A couple of weeks ago, in Jessup, Pennsylvania—the small town next to my boyhood hometown—crowds of people gathered to celebrate the annual “Race of the Saints,” called in Italian La Corsa dei Ceri, “the Race of the Candles,” because that is what the structures the racers carried look like. You must imagine, set and pegged upright each on its own wide and sturdy platform of wooden beams, three candle-like pedestals as tall and thick as tree-trunks, surmounted by the images of three saints, George, Anthony, and the bishop Ubaldo.

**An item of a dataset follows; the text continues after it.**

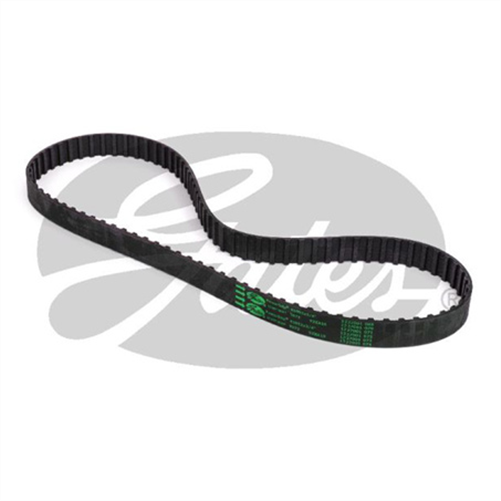 GATES TIMING BELT - 92 X 19MM NEO T T073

These platforms weigh about 450 pounds, so you need a team of men to hoist them up on their shoulders, and then to race through the town, up and down the steep streets, while the people associated with each team cheer them on. Of course, the teams must be distinguished by festive garb, bright yellow-gold for Ubaldo, blue for George, and black for Anthony. Since it’s Saint Ubaldo’s feast day, his team must always “win,” but there’s still plenty of competition to see which team makes its way almost to the goal, and which team manages to get the “candles” pegged to the platform first and raised up high.
Why Ubaldo? He was the heroic and saintly bishop of the mountain city of Gubbio, near to Assisi in Umbria, in the twelfth century. Ubaldo was a peace-loving man, shy and retiring, modest in his garb and manner of life, solicitous for the welfare of the poor; but he it was who led the Eugubini (believe it or not, that’s what you call people who live in Gubbio) in battle against an alliance of nearby cities that had attacked them. When he died, the people venerated him as a saint, and to this day you can view his body in a chapel to which it was transferred four hundred years after his death. I have seen it. It lies in a glass coffin, and the flesh is incorrupt, though stretched taut above the bones.

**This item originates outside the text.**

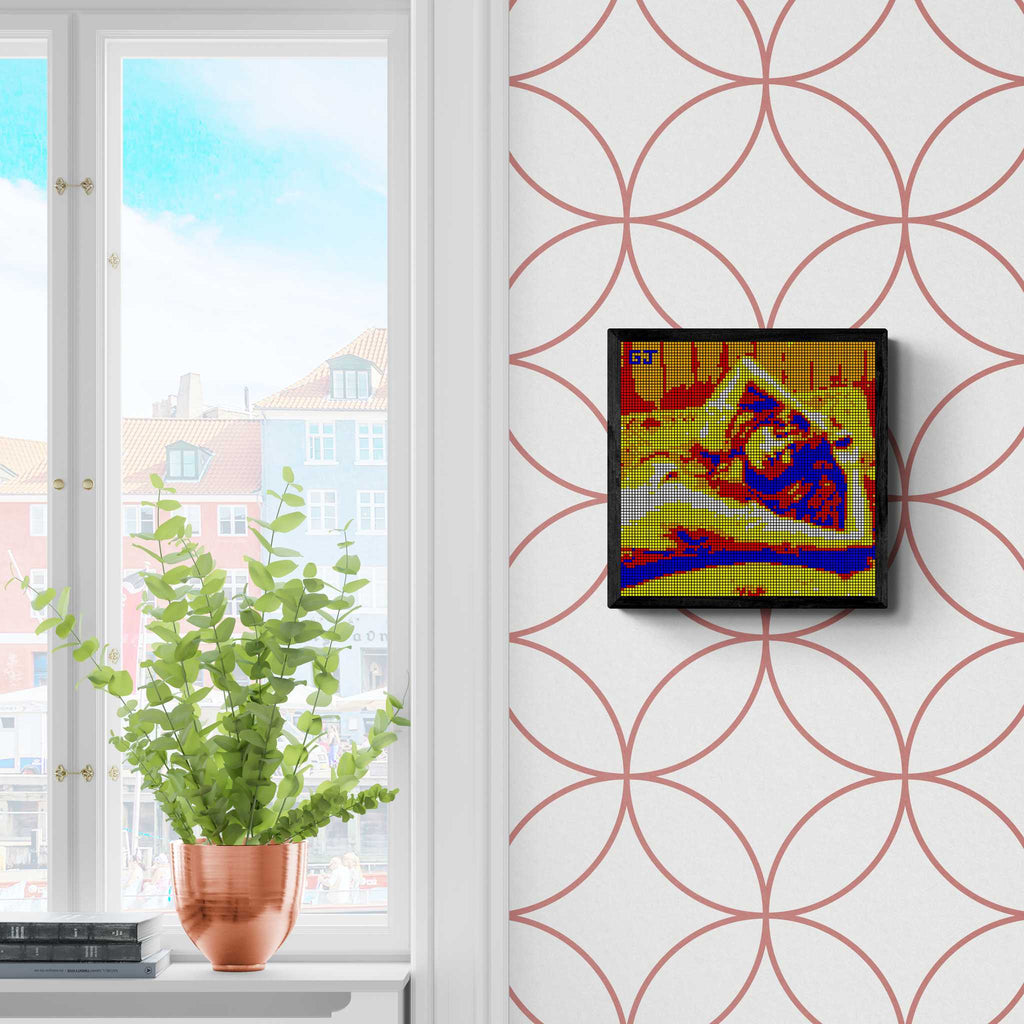 ecomposer-size-16-x-16-in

So the good people of Gubbio have held, for centuries, this same race of the saints, though in Italy the candles weigh about 900 pounds, and the right to be a member of one of the teams is considered a family honor, passed down from fathers to sons. Thousands and thousands throng the streets of Gubbio for the race, in a city-wide festival of piety, tradition, old-fashioned boyish rivalry, feasting, and song. You may then ask why this same feast should be celebrated across the ocean, in Jessup.
Here we encounter something unthinkable now—at least in America, and I hope I do not speak for Italy also. The people of Gubbio define themselves by their city. They love the place; they honor their patron; they celebrate their feasts; they know their neighbors; and their neighbors, after all, are probably their kinsmen too, though it might take a genealogist to trace two neighboring streams back to their originating source. When the Eugubini emigrated to America, they did not scatter themselves across the continent. What would have been the good of that? Why would they have wanted to do so? The first of them settled in Jessup, to work in the coal mines, and they drew all their kin and neighbors to Jessup after them. Other than the mountainous terrain, there was nothing in Jessup that was like Gubbio. After all, in my own town, Archbald, the Italians emigrated not from Gubbio but from Tiriolo, in Calabria, several hundred miles away.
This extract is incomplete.